TORONTO – The Canadian dollar moved lower Monday, as growing concerns about the global economy weighed on currencies.
The loonie closed down 0.03 of a cent to 96.18, near a 5-1/2 month low.
It has lost more than five cents in a little over a month as nervous traders avoided risk and flocked to the U.S. Treasury and amid reduced expectations for a rate hike from Canada’s central bank.
The Bank of Canada is widely expected to leave its key rate unchanged at one per cent on Tuesday, and governor Mark Carney could also end up discouraging any thought of a rise in interest rates this year because of a slowing economy.

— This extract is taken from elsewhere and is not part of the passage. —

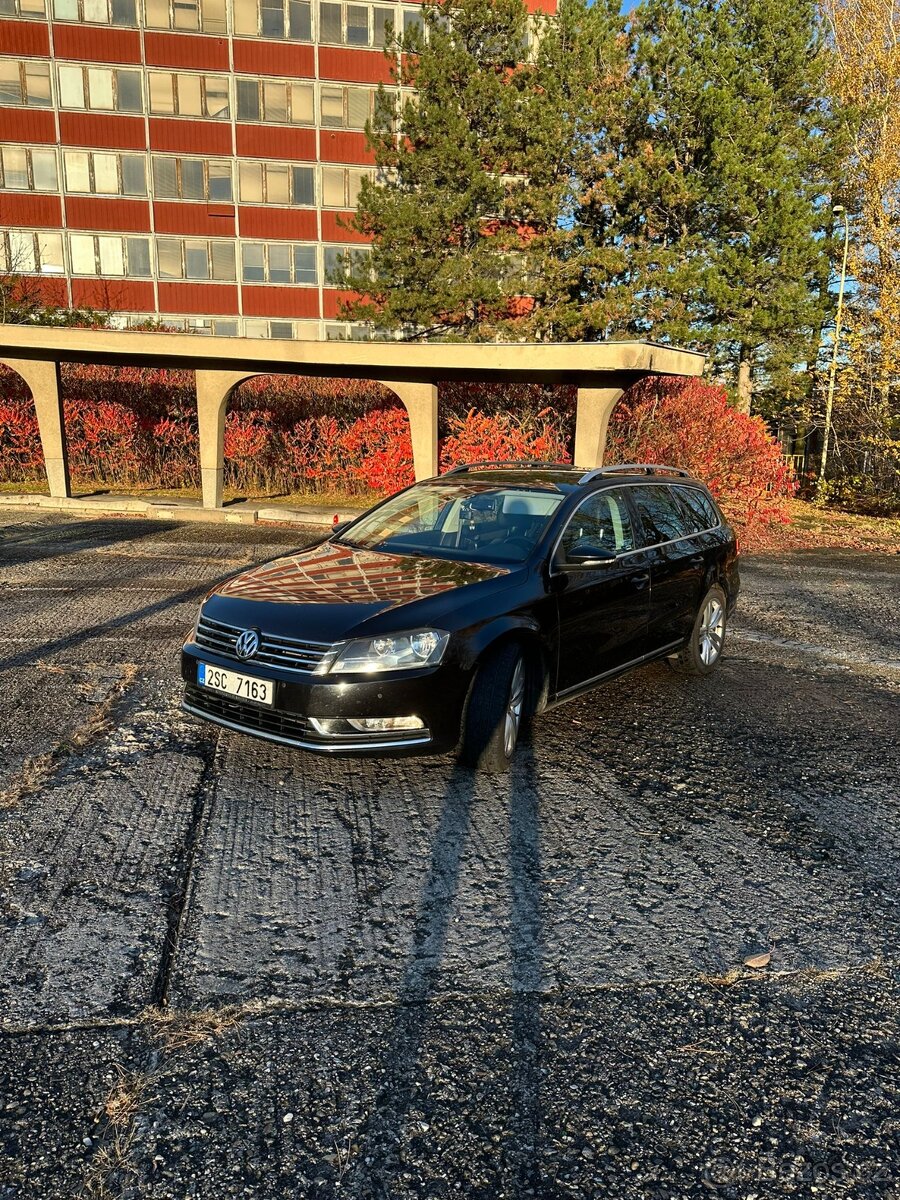 VW Passat B7 Highline s DSG - 2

Finance Minister Jim Flaherty told reporters in Toronto he will discuss the worsening economic climate with his Group of Seven colleagues Tuesday morning.
Flaherty said he considers the global economic situation to be serious but added Canada’s relatively small federal debt and deficit give the federal government room to act if the need arises as it did in the 2008-09 downturn.
In commodities, the July crude contract on the New York Mercantile Exchange was up 75 cents to $83.98 U-S a barrel.
The July copper contract on the Nymex rose two cents to US$3.33 a pound.
Bullion prices for August were lower with the contract falling $8.20 to US$1,613.90 an ounce.